Obama to sign order barring federal discrimination against gays

WASHINGTON (Reuters) – US President Barack Obama will sign an executive order barring federal contractors from discriminating on the basis of sexual orientation or gender identity, the White House said yesterday, handing another victory to gay rights activists.

Obama has pressed Congress to pass legislation to ban employment discrimination against lesbian, gay, bisexual and transgender (LGBT) people and resisted issuing an executive order in favor of pursuing a broader, legislative solution.

But the president has spent the year taking executive action on other domestic priorities where Congress has failed to make legislative headway, and activists have urged him to do the same on gay rights.

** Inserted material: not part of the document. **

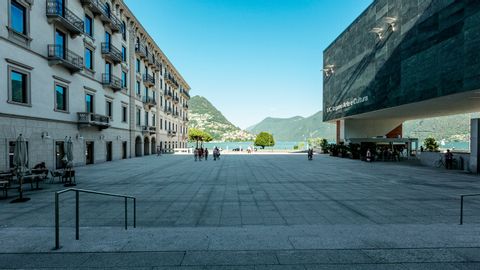 Der Piazza von Lugano vor dem Kunst und Kulturmuseum.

The White House said Obama had directed his staff to prepare the executive order but did not lay out a timetable for when he would sign it. The Employment Non-Discrimination Act passed the Democrat-controlled US Senate but has languished in the Republican-controlled House of Representatives.

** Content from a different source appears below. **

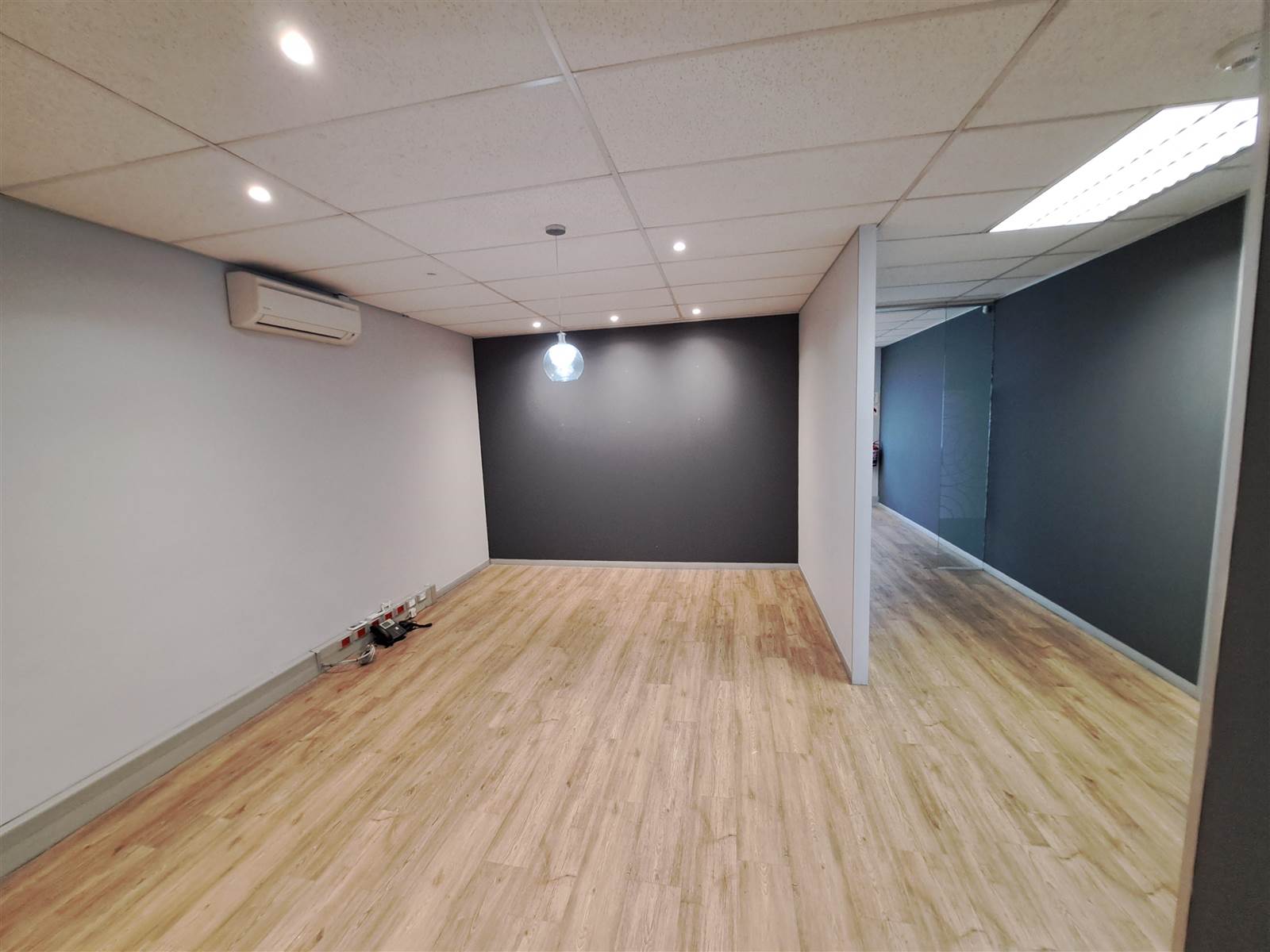 337  m² Commercial space in Parow North photo number 3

“We’ve been waiting for quite a few months now for the House to take action, and unfortunately … there aren’t particularly strong indications that Congress is prepared to act,” White House spokesman Josh Earnest told reporters on Air Force One when asked why Obama was making the move now.

Since coming into office, Obama helped end the “don’t ask, don’t tell” policy that prohibited gays from serving openly in the military. After what he described as an evolution in his thinking, he backed gay marriage during his 2012 re-election campaign.

Activists lauded the latest move.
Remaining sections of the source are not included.